INFORMATION PROVIDED:
________________________

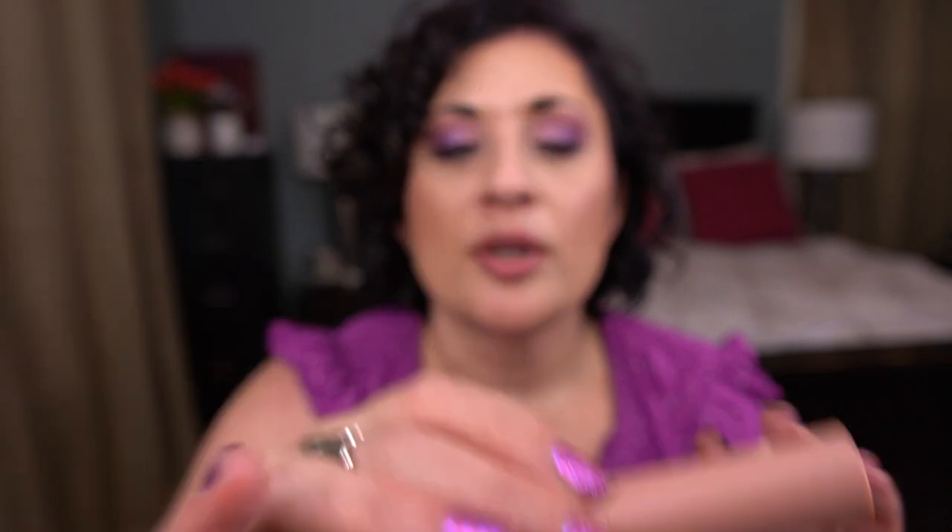At a different Marshall's that had a ton of MAC, I found the Anastasia Beverly Hills Satin Lipstick in Praline — I was surprised to see it there. The packaging feels a little plastic for ABH but the color is beautiful. I also found the MAC lip product in the shade Whirl at a different Marshall's — I was surprised I didn't already have Whirl.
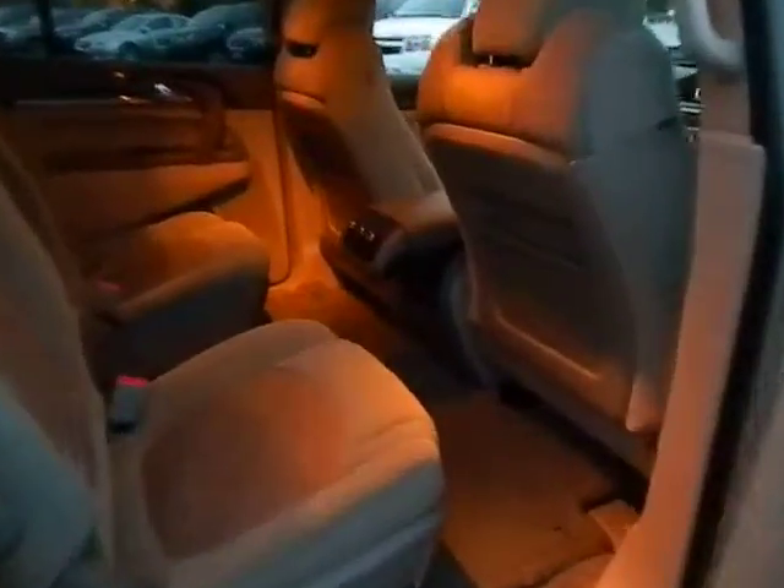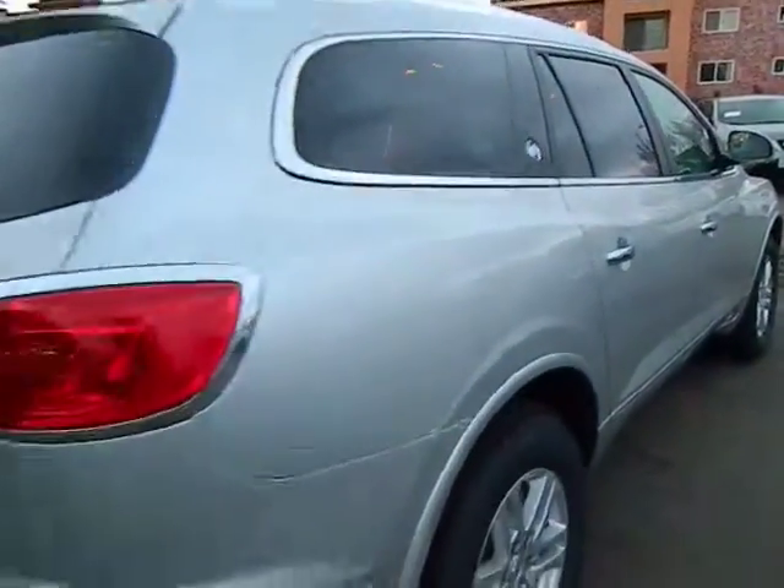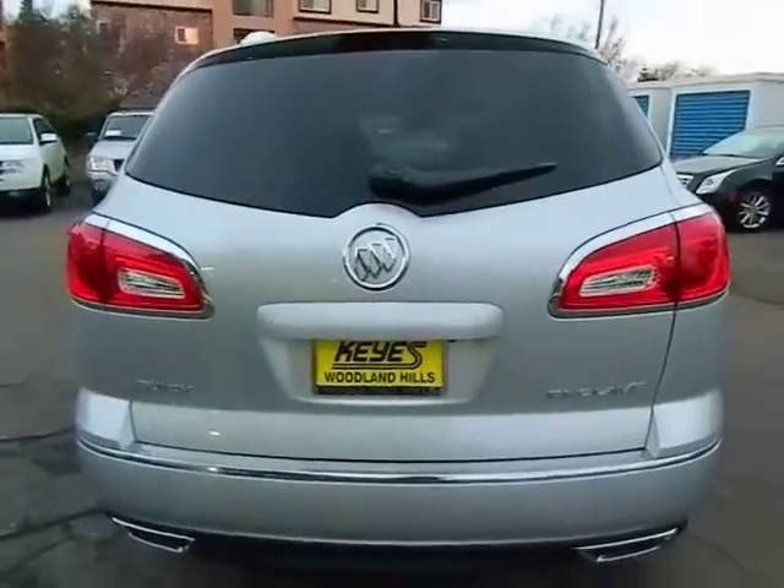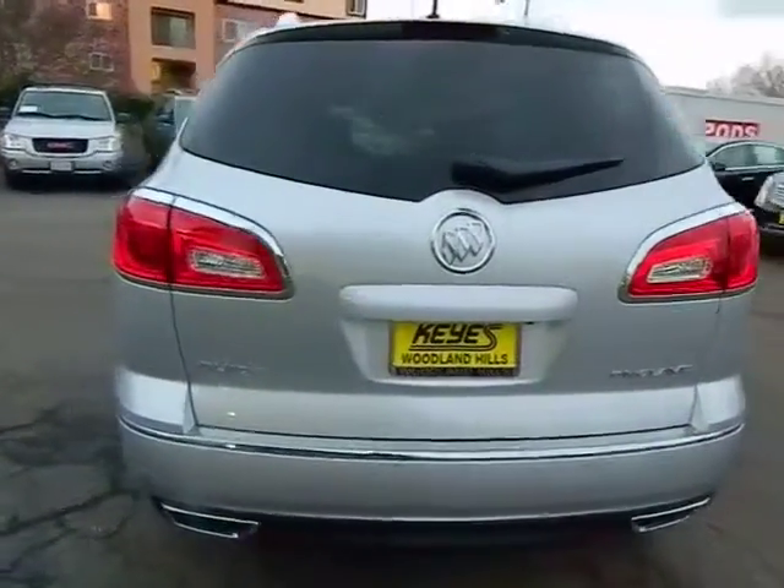Alloy wheels, power steering, air conditioning front, keyless entry, keyless start, cruise control, AM FM stereo radio, rear defrost, FWD, universal garage door opener, MP3 playback stereo.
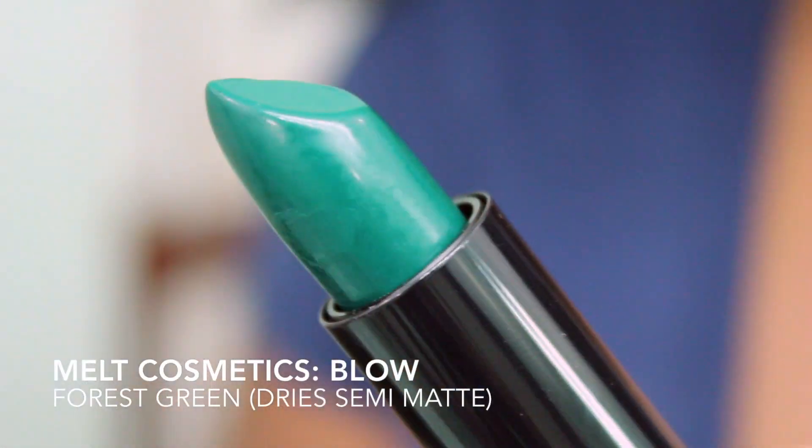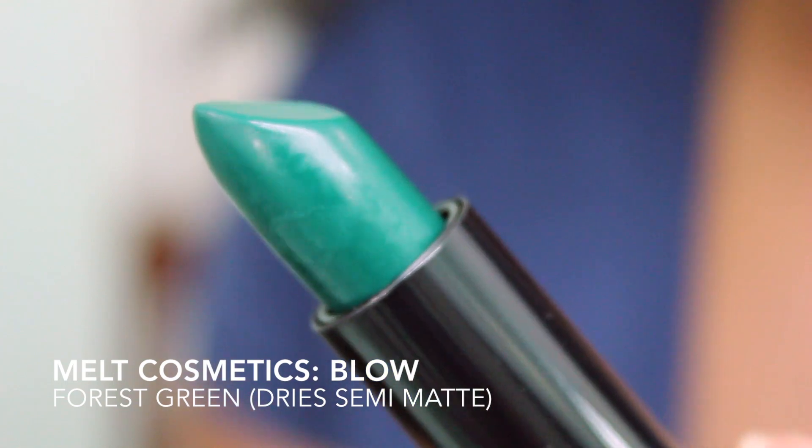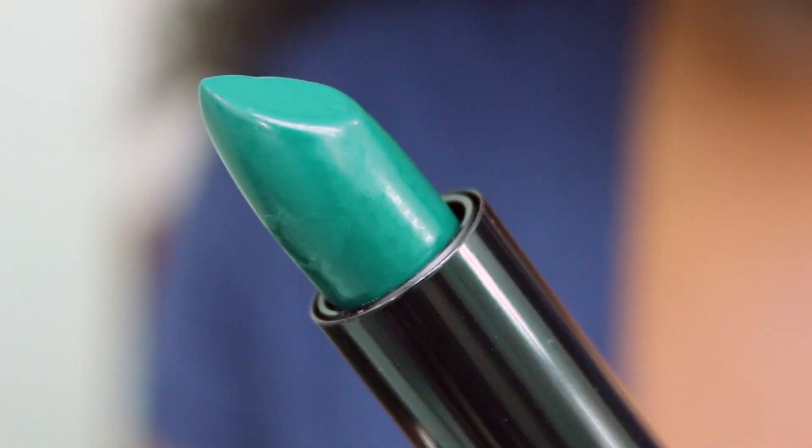The first one up is BLOW. BLOW to me is a deep forest green. It looks like it has a creamy, satiny finish. I haven't tried any of these by the way, so I'll be sharing first impressions with you. They are really beautiful, really out-of-the-box colors that I don't own, so I decided to get two just to see if I really like the brand and the lipstick.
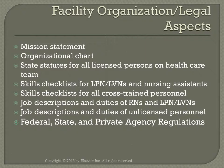Skills checklists will allow the LPN to know what areas the staff can competently function in, knowing the facility's protocol and the ability to perform the task. Job descriptions and duties of all staff allow the LPN to know who and what the healthcare team can participate in.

________________________

TO DO: Leave the pictures out and return the rest of the material exactly.

TASK RESULT:
At a different Marshall's that had a ton of MAC, I found the Anastasia Beverly Hills Satin Lipstick in Praline — I was surprised to see it there. The packaging feels a little plastic for ABH but the color is beautiful. I also found the MAC lip product in the shade Whirl at a different Marshall's — I was surprised I didn't already have Whirl.
Alloy wheels, power steering, air conditioning front, keyless entry, keyless start, cruise control, AM FM stereo radio, rear defrost, FWD, universal garage door opener, MP3 playback stereo.
The first one up is BLOW. BLOW to me is a deep forest green. It looks like it has a creamy, satiny finish. I haven't tried any of these by the way, so I'll be sharing first impressions with you. They are really beautiful, really out-of-the-box colors that I don't own, so I decided to get two just to see if I really like the brand and the lipstick.
Skills checklists will allow the LPN to know what areas the staff can competently function in, knowing the facility's protocol and the ability to perform the task. Job descriptions and duties of all staff allow the LPN to know who and what the healthcare team can participate in.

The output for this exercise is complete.